10 responses to “Tools to access data through an ontology

  1. Thanks for this, I’ve passed it along to a bunch of people that I know are making attempts to link big data to expressive ontologies. Hopefully it will help!

    I’d like to see more posts like this from you :). (and I like the new look and feel)

  2. 大変ですよね、就職活動

    就職氷河期、それも超就職氷河期{と言われる時代に突入しようとしています。

    この、就職氷河期は並大抵の努力では乗り切ることが困難と言われています。

    {米国、アメリカのサブプライムを皮切りに引き起こされた|世界同時不況とも言われている}今回の不況、それこそ数年間にわたって、世界経済に{影響を与えます。|インパクトを与え続けるでしょう。}

    この時期の、今のあなたが直面している就職活動というイベントは、あなたの人生、就職人生の大きなウエイトを占めることとなります。

    {昨年までの就職活動状況とは180度転換した|就職活動は、技術と知識で乗り切ることが出来ます。}就職氷河期、絶対に後悔しないように全力で戦いましょう。

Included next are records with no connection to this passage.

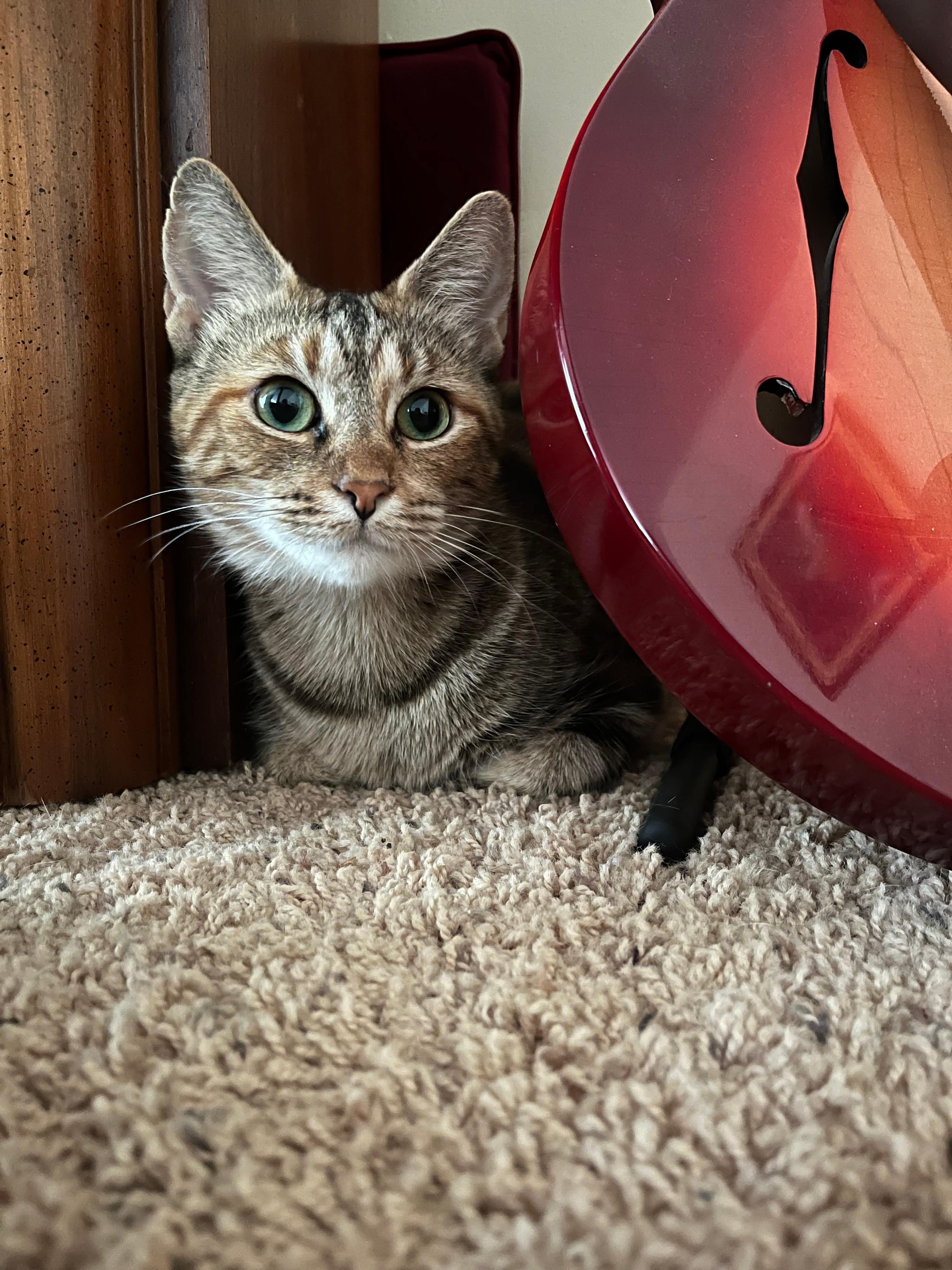 Enlarge Nala, a Adoptable Bengal in Mears, MI image 1/1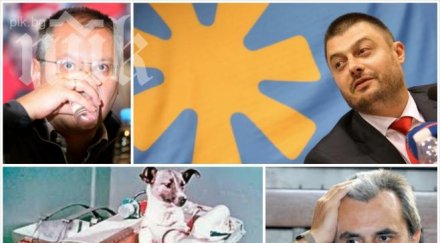 николай бареков пик сергей станишев превърна орешарски кучето лайка министрите опитни мишки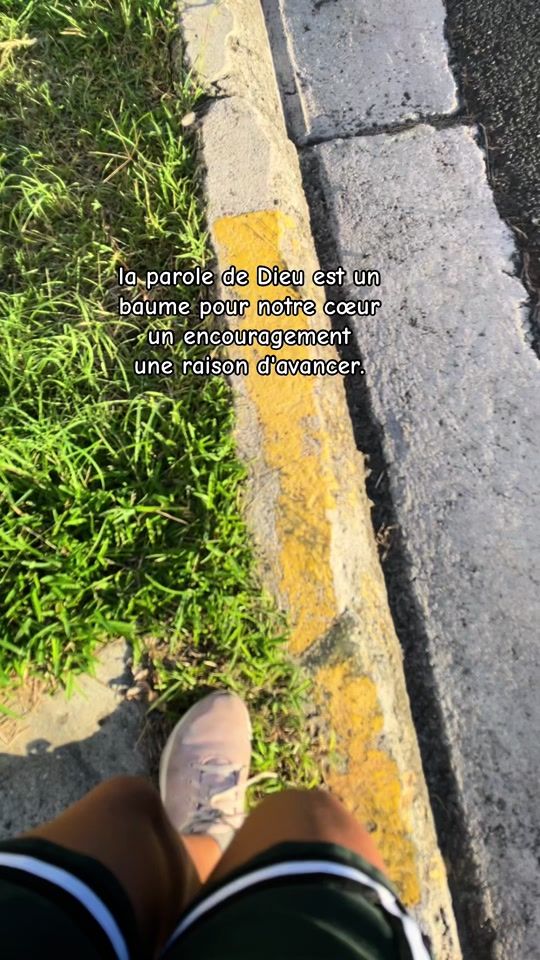 TikTok video thumbnail by shbnord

  3. Pingback: Working towards WONDER Data « Keet blog

  4. Pingback: OBDA/I Example in the Digital Humanities: food in the Roman Empire | Keet blog

Leave a Reply

Fill in your details below or click an icon to log in:

WordPress.com Logo

You are commenting using your WordPress.com account. Log Out /  Change )

Facebook photo

You are commenting using your Facebook account. Log Out /  Change )

Connecting to %s

This site uses Akismet to reduce spam. Learn how your comment data is processed.